Concrete Rain has 8-10 hour longevity and average sillage.

One of the things I liked most about Concrete Rain is it is different than the previous releases for the brand. The others all were a popular accord which the consumer enjoys. Concrete Rain introduces that demographic to the joy of rain in the city.

Disclosure: This review is based on a sample provided by Nordstrom.

Mark Behnke

New Perfume Review Anatole Lebreton Racine Carree- Square Roots

I was one class away from having a double major in mathematics. There has always been a part of me that enjoys a field of study which usually ends up in an answer. Chemistry has been less reliable in that regard. I don’t often get the opportunity to pull from what now seems like ancient knowledge. When I saw the label for Anatole Lebreton Racine Carree my atrophied math geek took notice. The label is the name of the brand under a square root symbol. It is an oddly fitting choice for this perfume.

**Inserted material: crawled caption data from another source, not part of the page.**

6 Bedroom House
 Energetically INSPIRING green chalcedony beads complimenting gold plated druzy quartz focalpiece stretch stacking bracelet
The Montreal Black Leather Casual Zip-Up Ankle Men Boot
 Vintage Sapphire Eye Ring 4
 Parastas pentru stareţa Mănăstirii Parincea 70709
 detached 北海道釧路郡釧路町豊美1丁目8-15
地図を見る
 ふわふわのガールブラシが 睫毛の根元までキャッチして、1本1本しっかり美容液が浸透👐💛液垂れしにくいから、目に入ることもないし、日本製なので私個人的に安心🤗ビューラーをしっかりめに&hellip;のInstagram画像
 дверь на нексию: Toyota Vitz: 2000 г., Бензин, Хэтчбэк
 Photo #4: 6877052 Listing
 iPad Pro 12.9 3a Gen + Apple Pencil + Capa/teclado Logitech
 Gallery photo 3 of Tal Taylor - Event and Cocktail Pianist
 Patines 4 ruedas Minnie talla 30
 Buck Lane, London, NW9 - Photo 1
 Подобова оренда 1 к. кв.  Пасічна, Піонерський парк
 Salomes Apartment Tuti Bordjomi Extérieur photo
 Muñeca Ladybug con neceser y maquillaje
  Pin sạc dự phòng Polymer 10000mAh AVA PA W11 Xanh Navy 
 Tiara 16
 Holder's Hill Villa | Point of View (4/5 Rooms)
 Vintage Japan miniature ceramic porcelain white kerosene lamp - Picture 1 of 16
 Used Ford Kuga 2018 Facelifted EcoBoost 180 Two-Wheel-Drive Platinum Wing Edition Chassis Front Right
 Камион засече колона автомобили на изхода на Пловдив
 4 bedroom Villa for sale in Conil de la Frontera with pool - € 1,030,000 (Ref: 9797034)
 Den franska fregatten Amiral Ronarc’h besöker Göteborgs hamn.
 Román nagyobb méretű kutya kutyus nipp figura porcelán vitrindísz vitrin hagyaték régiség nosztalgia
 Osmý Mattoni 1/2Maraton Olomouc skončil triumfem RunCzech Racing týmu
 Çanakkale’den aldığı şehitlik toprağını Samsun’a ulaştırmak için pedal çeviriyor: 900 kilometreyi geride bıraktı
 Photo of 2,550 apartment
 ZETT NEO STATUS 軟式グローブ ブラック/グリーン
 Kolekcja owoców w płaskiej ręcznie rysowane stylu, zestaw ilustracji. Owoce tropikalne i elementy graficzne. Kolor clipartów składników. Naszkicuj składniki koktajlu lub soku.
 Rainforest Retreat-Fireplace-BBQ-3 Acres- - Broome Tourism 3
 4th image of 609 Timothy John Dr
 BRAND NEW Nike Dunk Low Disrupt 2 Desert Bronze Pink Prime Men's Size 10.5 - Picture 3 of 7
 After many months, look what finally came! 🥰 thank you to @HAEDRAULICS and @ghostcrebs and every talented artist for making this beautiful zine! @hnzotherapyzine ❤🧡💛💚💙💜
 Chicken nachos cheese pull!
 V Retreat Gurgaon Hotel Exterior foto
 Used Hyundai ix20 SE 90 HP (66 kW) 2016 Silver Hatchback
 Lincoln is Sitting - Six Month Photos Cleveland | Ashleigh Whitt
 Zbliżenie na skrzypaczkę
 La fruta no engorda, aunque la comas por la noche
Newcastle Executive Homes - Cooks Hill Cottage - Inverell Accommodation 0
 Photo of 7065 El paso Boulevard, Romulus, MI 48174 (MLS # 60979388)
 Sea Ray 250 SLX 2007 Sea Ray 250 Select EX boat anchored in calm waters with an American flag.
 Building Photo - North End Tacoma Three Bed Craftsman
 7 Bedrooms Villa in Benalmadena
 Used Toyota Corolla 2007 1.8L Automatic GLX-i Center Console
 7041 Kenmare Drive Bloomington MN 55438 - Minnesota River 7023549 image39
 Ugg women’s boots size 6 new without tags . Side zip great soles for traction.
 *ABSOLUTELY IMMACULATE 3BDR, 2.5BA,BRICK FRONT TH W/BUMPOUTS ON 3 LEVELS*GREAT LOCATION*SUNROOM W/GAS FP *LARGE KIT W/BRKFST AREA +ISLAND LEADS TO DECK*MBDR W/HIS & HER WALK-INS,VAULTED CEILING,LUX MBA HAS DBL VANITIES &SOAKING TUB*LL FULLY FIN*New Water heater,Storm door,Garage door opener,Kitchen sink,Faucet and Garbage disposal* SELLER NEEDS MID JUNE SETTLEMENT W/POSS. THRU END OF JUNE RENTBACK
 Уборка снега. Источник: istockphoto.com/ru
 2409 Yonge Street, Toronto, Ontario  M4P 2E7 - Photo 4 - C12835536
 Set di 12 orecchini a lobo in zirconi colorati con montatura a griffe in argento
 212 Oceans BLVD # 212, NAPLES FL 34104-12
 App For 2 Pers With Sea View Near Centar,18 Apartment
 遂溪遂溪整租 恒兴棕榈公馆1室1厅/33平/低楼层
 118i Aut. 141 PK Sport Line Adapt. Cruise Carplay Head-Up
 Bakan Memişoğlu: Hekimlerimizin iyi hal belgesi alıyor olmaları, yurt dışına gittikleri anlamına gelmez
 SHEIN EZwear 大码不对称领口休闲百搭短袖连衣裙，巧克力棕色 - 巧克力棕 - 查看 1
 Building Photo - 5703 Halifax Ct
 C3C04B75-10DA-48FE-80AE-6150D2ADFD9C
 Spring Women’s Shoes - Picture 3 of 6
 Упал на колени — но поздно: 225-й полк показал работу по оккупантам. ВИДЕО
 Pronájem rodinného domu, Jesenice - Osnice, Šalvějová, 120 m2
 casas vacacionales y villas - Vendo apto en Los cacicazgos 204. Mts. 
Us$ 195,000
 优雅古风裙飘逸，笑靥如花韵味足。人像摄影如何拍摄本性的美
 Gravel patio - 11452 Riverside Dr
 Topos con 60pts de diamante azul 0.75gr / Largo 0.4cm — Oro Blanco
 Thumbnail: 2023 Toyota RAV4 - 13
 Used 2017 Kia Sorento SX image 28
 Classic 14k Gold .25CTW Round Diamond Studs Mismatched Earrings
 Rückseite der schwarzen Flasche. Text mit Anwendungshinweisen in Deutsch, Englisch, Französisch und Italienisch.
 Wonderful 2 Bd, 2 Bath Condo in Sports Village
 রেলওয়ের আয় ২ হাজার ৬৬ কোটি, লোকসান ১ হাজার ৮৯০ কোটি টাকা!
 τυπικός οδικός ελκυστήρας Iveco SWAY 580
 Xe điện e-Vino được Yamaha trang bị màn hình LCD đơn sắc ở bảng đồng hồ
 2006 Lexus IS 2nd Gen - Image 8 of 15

This is a fascinating fragrance built around perfume ingredients which are roots. M. Lebreton was going to use vetiver as the focal point. His idea was to create something which reflects the earthiness of that undertaking. He uses carrot, celery, orris, cypriol, and licorice. The fragrance that results from this is not mathematical but something of Nature.

Anatole Lebreton

The vetiver used here is a deeper version. He eschews the fresher facets to highlight the earthy aspects. To keep it from becoming too intense he uses the vegetal freshness of celery. This is a fascinating surrogate for the grassiness of most vetivers. It adds some uplift while still staying attached to the soil.

Orris comes next. This is the classic rooty ingredient. Just as with the vetiver the choice it to tilt it towards the rhizomal over the powdery. To accomplish this carrot is used as a complement to drive the orris in that direction. It makes it sweeter in the way carrot is.

The final piece is the combination of licorice and cypriol. Licorice as used here is not the candy you eat at the theatre. It is the herbal version popular in Europe. Cypriol adds its own roughness to that. Clary sage acts as an enhancer of the herbalness.

The final piece of is chamomile. It is the linchpin to all three of the accords as it has a scent profile built to tie it all together. When that happens you are surrounded by the root of it all. Ambrox is used to add a dry woody finish to all of it.

Racine Carree has 10-12 hour longevity and average sillage.

This is my favorite perfume M. Lebreton has made. He has always been an interesting creative perfumer. In this case he has found a mathematical balance to make a perfume as elegant as a square root.

Disclosure: this review is based on a sample I purchased.

Mark Behnke

Editor’s Note: For those of you interested in the nuts and bolts of perfumery. M. Lebreton offers a Racine Box on his website. It contains 7.5mL of the perfume and 10 X 2.5mL vials of the ingredients used.